# Captioned web image data
Start of Block

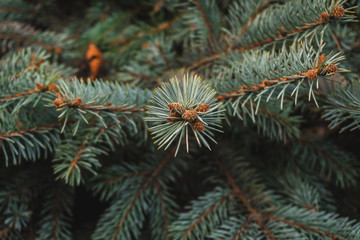 Fir-tree green branches as a perfect holiday decoration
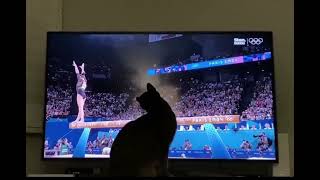 Kitten saves the gymnast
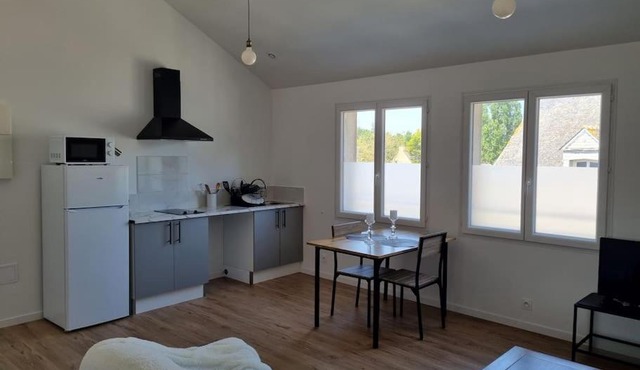 Grand appartement, lumineux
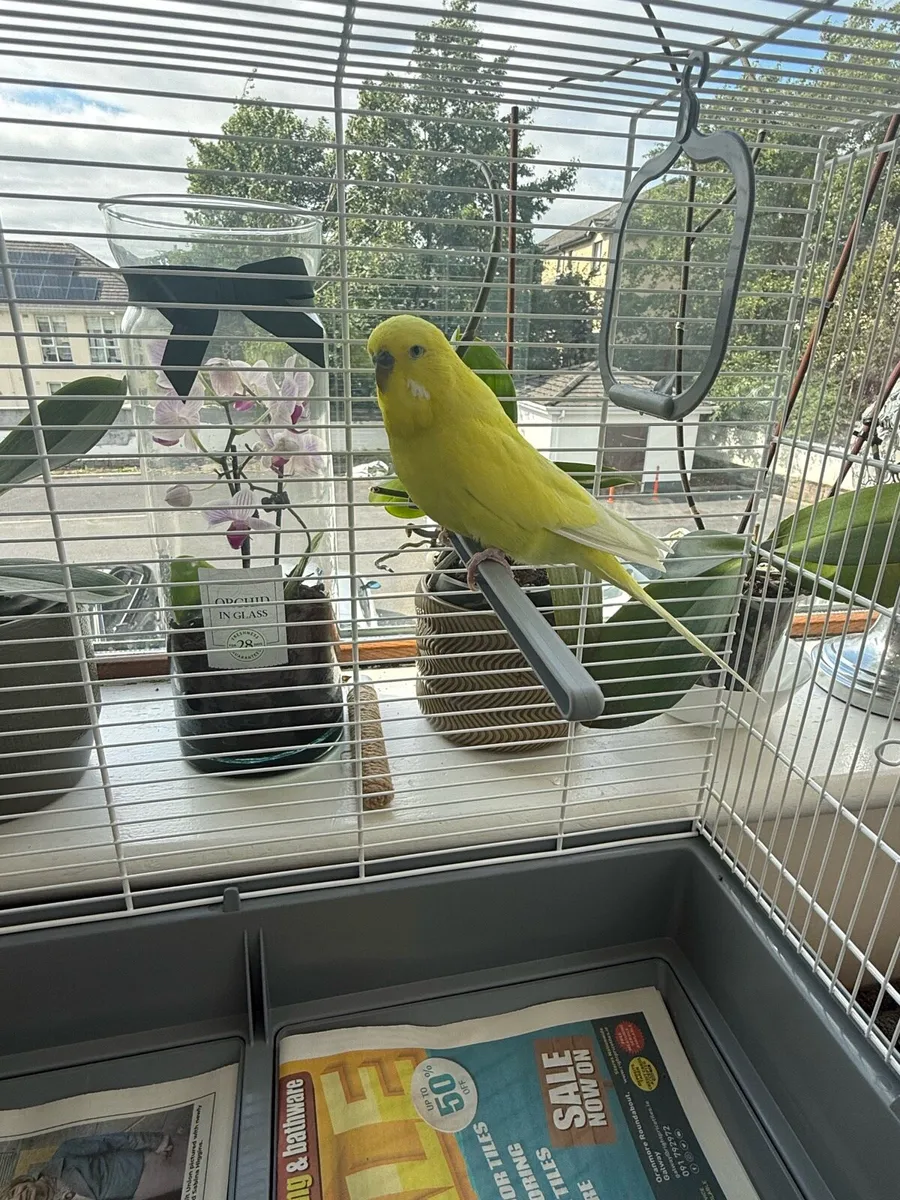 Bonded Budgies - Image 3
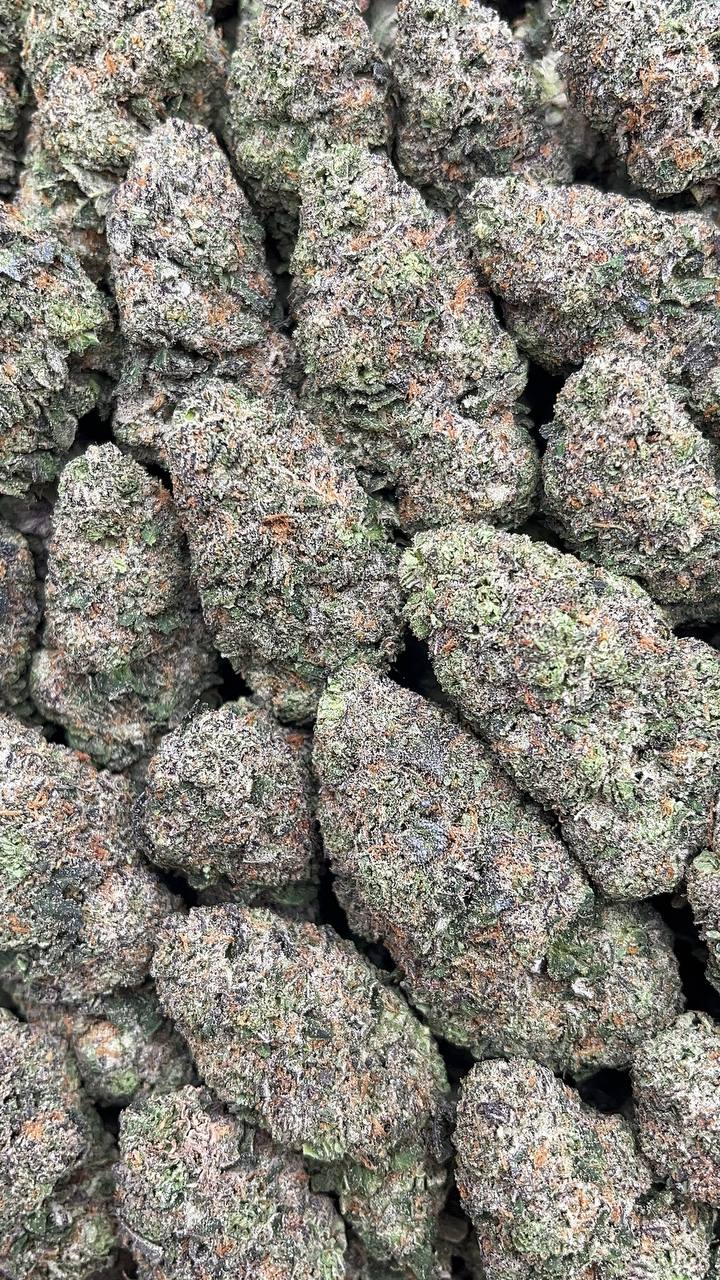 Blueberry Headband Elon Packs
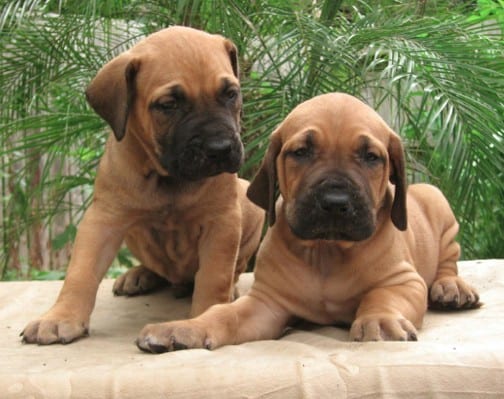 Fila Brasileiro Puppies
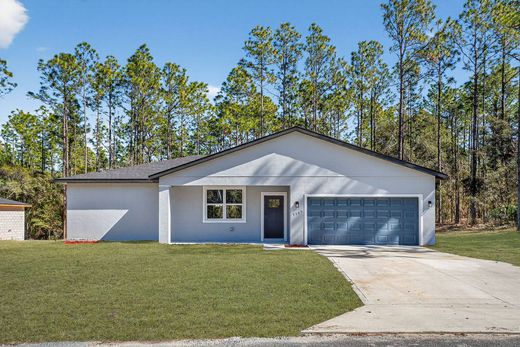 Einfamilienhaus in Citrus Springs, Citrus County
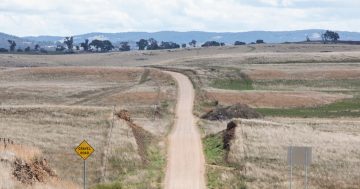 Snowy Monaro Council proposes to abandon maintenance of 'low traffic' roads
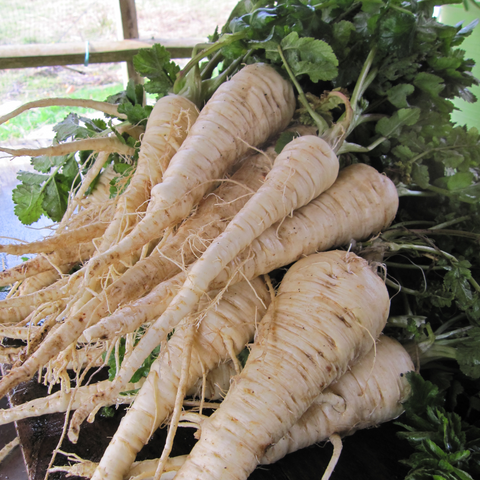 Hollow Crown Parsnip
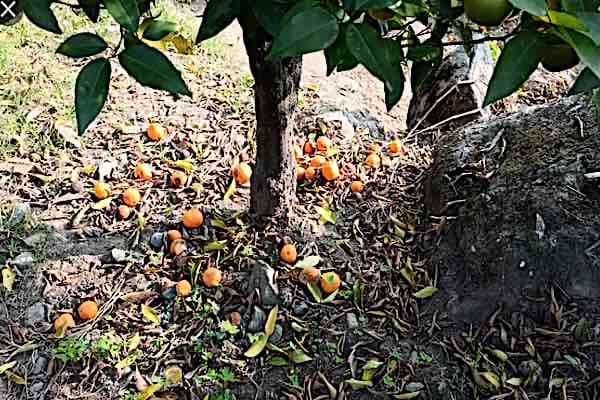 tangerines1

End of Block

# Task
Render the records above word for word and leave the pictures out.

# Output of the exercise
 Fir-tree green branches as a perfect holiday decoration
 Kitten saves the gymnast
 Grand appartement, lumineux
 Bonded Budgies - Image 3
 Blueberry Headband Elon Packs
 Fila Brasileiro Puppies
 Einfamilienhaus in Citrus Springs, Citrus County
 Snowy Monaro Council proposes to abandon maintenance of 'low traffic' roads
 Hollow Crown Parsnip
 tangerines1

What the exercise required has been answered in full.